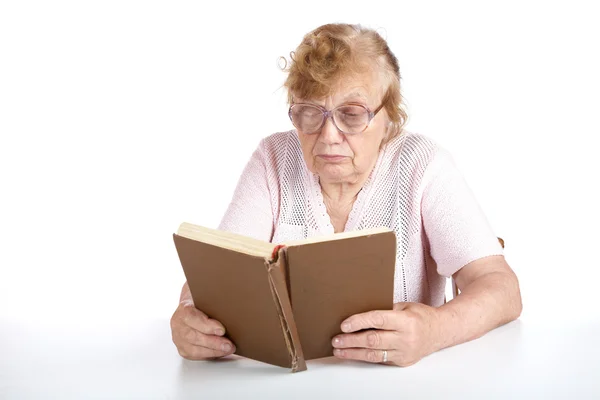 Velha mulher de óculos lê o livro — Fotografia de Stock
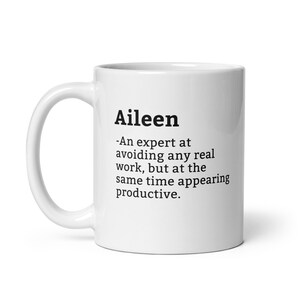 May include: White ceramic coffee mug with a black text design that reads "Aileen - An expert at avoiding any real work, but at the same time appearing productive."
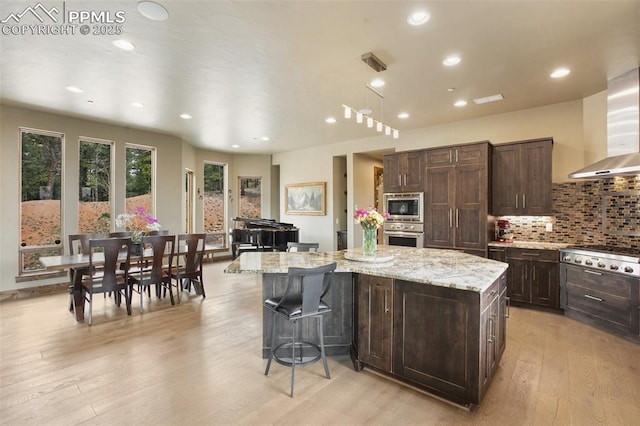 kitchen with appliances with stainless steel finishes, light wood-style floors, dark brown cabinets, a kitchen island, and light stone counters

* YOUR GOAL *
Every line from the one holding "May include: White" to the last line of the listing above, inclusive, must appear exactly as written, and no picture may appear.

* EXERCISE ANSWER *
 May include: White ceramic coffee mug with a black text design that reads "Aileen - An expert at avoiding any real work, but at the same time appearing productive."
 kitchen with appliances with stainless steel finishes, light wood-style floors, dark brown cabinets, a kitchen island, and light stone counters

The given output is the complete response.